Data safety (family fotos/videos, documents)
Serve multimedia with Plex, music with Subsonic-like software and host OwnCloud

I need your advice on ZFS vdev configuration: Raidz2 vs 2x mirrored vdevs (RAID10 effectively)

Do I need SLOG / L2ARC?
I can buy another NVMe drive with Akasa PCI-e to M.2 adapter, but will my mobo handle that? Most NVMe drives requires 4 PCIe lanes, right?

Data access patterns / use cases:

Photos / videos - will be copied there for archiving and accessed rarely.
Plex server will be used daily by 1 local client, very rare 3 remote clients (some relatives)
Music will be accessed remotely by 1 phone (Spotify replacement)
OwnCloud: regular backups from 2 phones, online docs editing up to 2 simultanous users

To boost creativity I would like to also start a contest for best word describing data loss fobia. May the odds be ever in your favour

Regards,
bootch

thro · February 27, 2020, 12:25am

RAIDZ vs. multiple mirrors is a trade off

mirror VDEVS are faster
adding mirror VDEVs you can do with 2 drives at a time
RAIDZ VDEVs cost you less capacity once you go beyond 4 drives (but going beyond 4 drives means a bigger enclosure, etc. which adds cost and physical size).
RAIDZ VDEVs can be slightly more resilient in that it doesn’t matter WHICH drives fail. e.g. if you have multiple 2 drive mirrors, you’re screwed if 2 drives fail in the same 2 drive mirror. WIth a RAIDZ2, you can have ANY 2 drives fail and still be OK. But you pay the penalty in terms of performance.

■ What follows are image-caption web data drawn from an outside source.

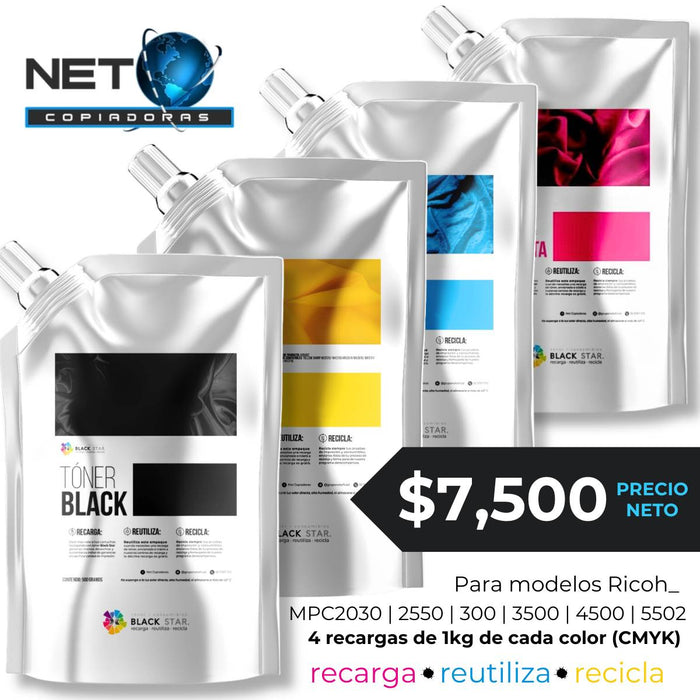 Toner BlackStar Recarga para Ricoh Color MPC2030 | 2550 | 300 | 3500 | 4500 | 5502 KIT de 4 Kg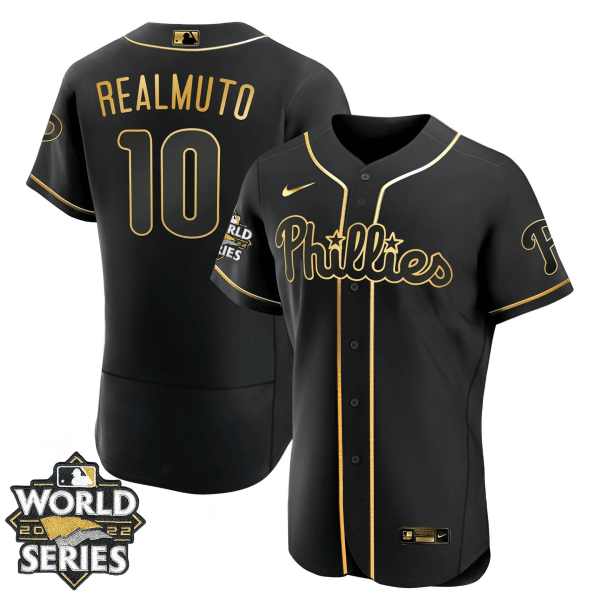 Youth's Philadelphia Phillies Gold 2022 World Series Jersey - All Stitched - Image 14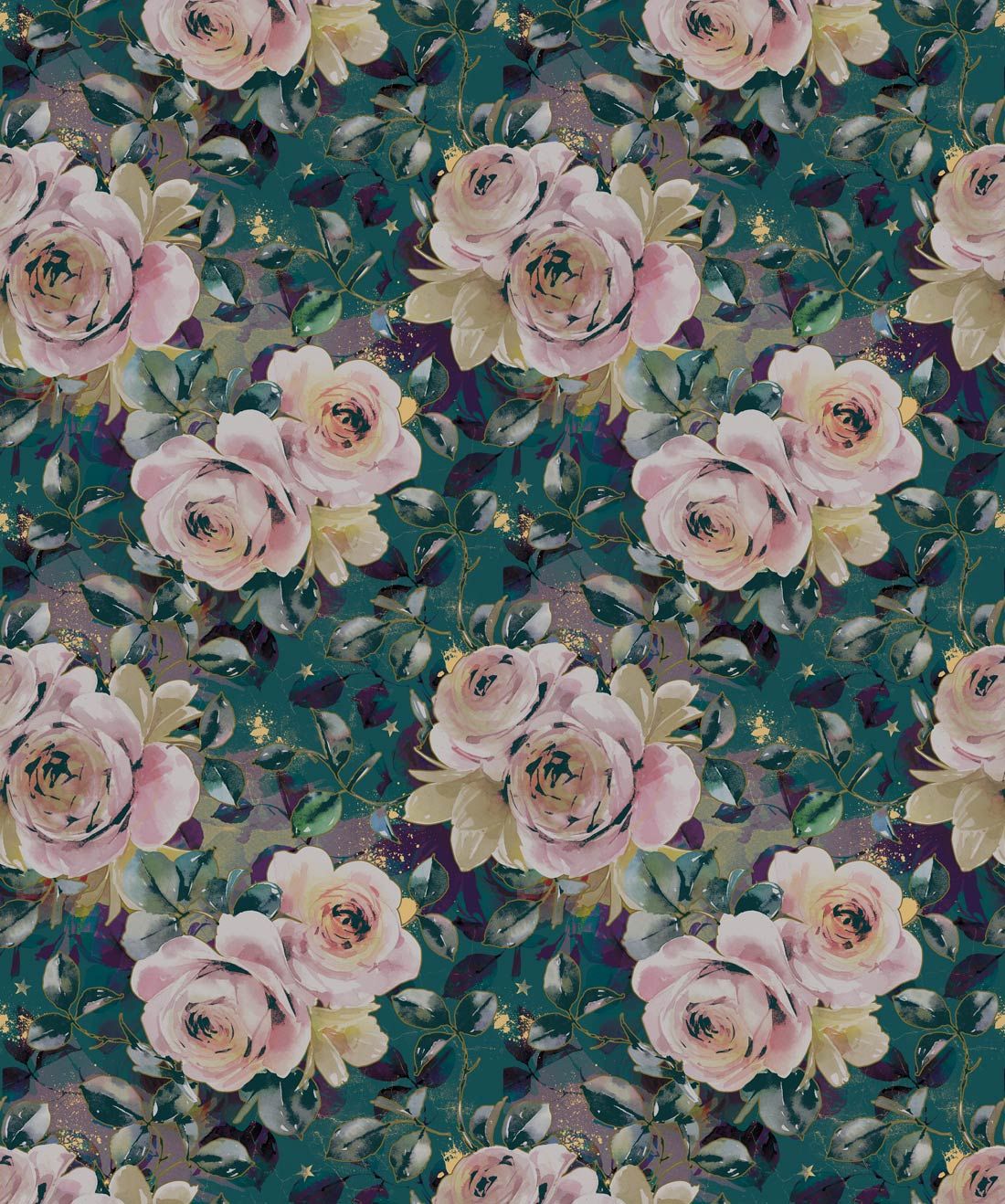 English Roses is an elegant floral wallpaper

For a ZFS pool, your IOPs are dependent on the number of VDEVs you have. With mirrors, you can have more VDEVs with less drives, which means more (random IO) performance for the same number of drives.

That said…

For a single/small number of users? I’ll say “no”. I don’t have l2arc or slog on my ZFS nas and i’ve been happy with the 4 drive dual mirrors it has for the past 8 years, performance wise. It’s normally limited (or close to limited) by the gig ethernet connection it has.

All of your listed access patterns are fairly sequential/data archival type with a low number of users. Same sort of stuff I do on my home 2x mirror setup.

Also… i have a 6 drive RAIDZ2 at work for my personal workstation’s NFS based KVM data store. Performance running VMs on that is adequate for lab use over gig ethernet. Much more intense workload than you’re talking about… no l2arc or ZIL there either. That’s 6x SAS in RAID6 with 16 GB of RAM running FreeNAS with no tuning - over 1 gig ethernet to my workstation.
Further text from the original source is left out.